Foucault, Bourdieu et la question néolibérale par Christian Laval
Christian Laval propose une étude comparée de Foucault et
 Bourdieu deux intellectuels ayant le même mentor, Georges Canguilhem, tous deux
 contemporains de la vague néolibérale des années 80, mais qui à travers deux
 démarches intellectuelles antagonistes (ils ne se citent jamais), s'interrogent
 sur le caractère nouveau de la pensée libérale.
            
            
            Le
 néolibéralisme : plus qu'une réaffirmation du libéralisme : une
 refondation
            L'objectif
 du libéralisme, c'est l'établissement d'une société garantissant à l'individu
 la capacité d'assouvir ses intérêts propres. Pour cela, le XIX ème siècle a
 choisi la voie de « l'autorégulation du marché » dont la Grande
 Dépression des années30 a dévoilé les failles. Le libéralisme s'est alors
 refondé, sous l'impulsion d'auteurs comme Raymond Barre pour qui la fonction de
 l’État se réduit au maintien d'un cadre normatif permettant la
 concurrence : c'est l'ordo-libéralisme.
            La
 concurrence : un dogme que l'on retrouve dans tous les espaces de la
 société
            Pour Michel
 Foucault, la « spécificité néolibérale », c'est ce cadre juridique,
 fruit d'une intervention gouvernementale : le marché n'est plus considéré
 comme étant à l'origine des sociétés, il est issu d'un processus.

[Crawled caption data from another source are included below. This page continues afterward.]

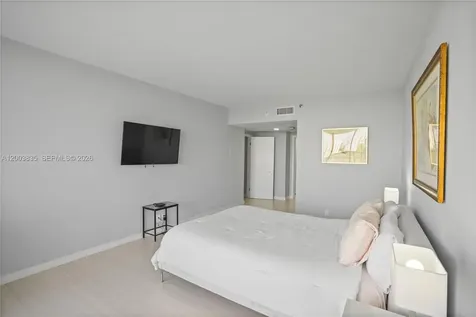 20281 E Country Club Drive Aventura FL 33180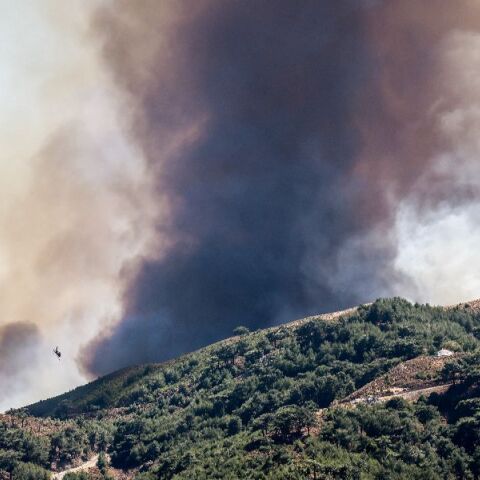 Φωτιά στη Χίο: Απανωτά μηνύματα του 112 για εκκενώσεις περιοχών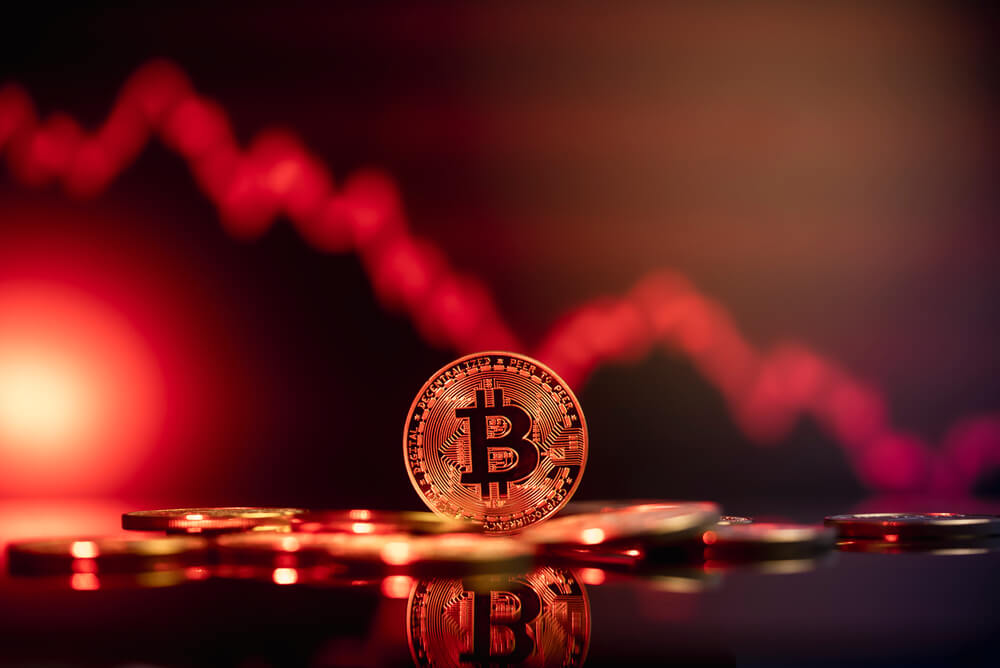 Bitcoin cae a $62k mientras las criptomonedas reflejan la caída de las acciones - CoinJournal
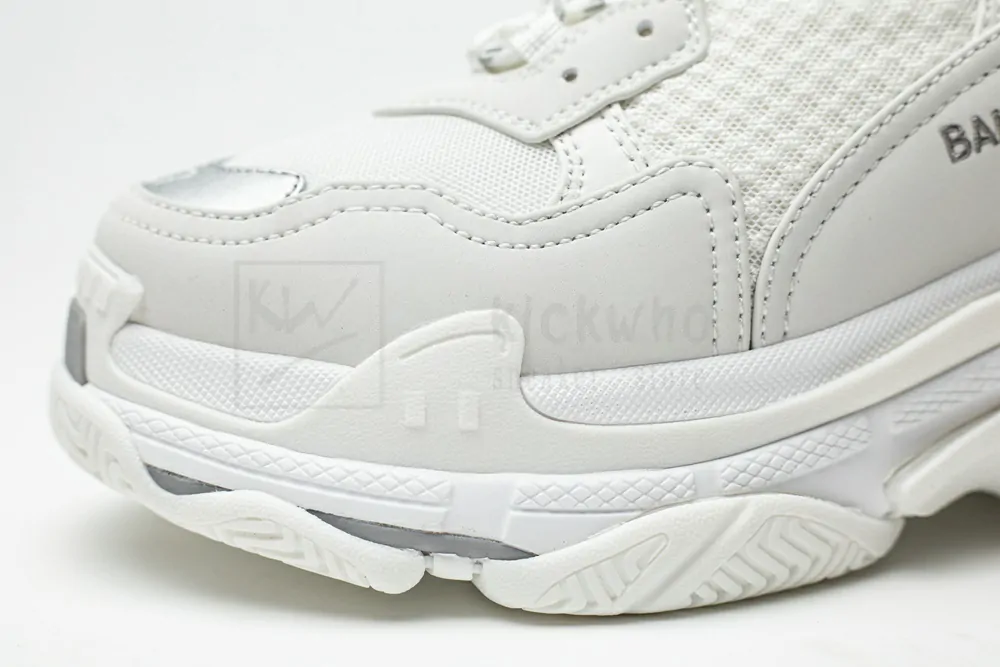 Ba*len*cia*ga triple s trainer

Autre
 nouveauté, ce cadre a pour répondant un « sujet qui se vit comme une
 entreprise », c'est à dire que l'individu ne subit pas la norme, il s'y
 intègre et s'en fait le relais (les indicateurs comparatifs nous amènent à nous
 « penser en concurrence » au quotidien).
            L'auteur
 précise que Foucault, loin de se rallier au néolibéralisme, essaye d'expliquer
 en quoi  les « pratiques de liberté » participent d'une nouvelle
 forme de gouvernance. Celle-ci reposerait sur l'articulation d'espaces qui
 « enferment », où la norme s'impose (l'école) avec un espace de
 liberté, où l'individu, bien que libre, se régule lui-même, ayant intériorisé
 la norme de la concurrence. Ainsi pour lui le néolibéralisme est une réponse à
 une crise politique amorcée dans les années 60 en plus d'être une réponse à la
 crise économique de 1973.
            L'avènement
 de la science économique comme autorité intellectuelle
            Pierre
 Bourdieu propose quant à lui une analyse scientifique du néolibéralisme comme
 produit d'un rapport de force au sein du champ intellectuel. Le néolibéralisme
 s'est imposé grâce à la haute fonction publique, la « main droite de
 l’État » convertie aux idéaux du marché. Le champ intellectuel a été
 pénétré par la science économique (notamment par l'école de Chicago) qui s'est
 progressivement substituée au droit public, et à la philosophie politique, les
 disciplines traditionnelles de la « science de l’État ». « La
 main gauche de l’État » (les agents des ministères
 « dépensiers ») résiste à cette érection de la science économique
 comme autorité, faisant de l’État un champ de lutte au résultat indéterminé.
            Si Bourdieu
 s'engage publiquement dans les grèves de 1995 (ce qui lui a valu la critique
 d'avoir troqué sa position de scientifique objectif contre celle du militant
 politique) c'est, selon Christian Laval, par ce qu'il a compris que le
 « nomos économique tendait à pénétrer tous les champs de la société »,
 ce qui conduirait à terme à une inhibition de la création artistique et à terme
 de toute pensée intellectuelle, au nom de la « logique de marché ».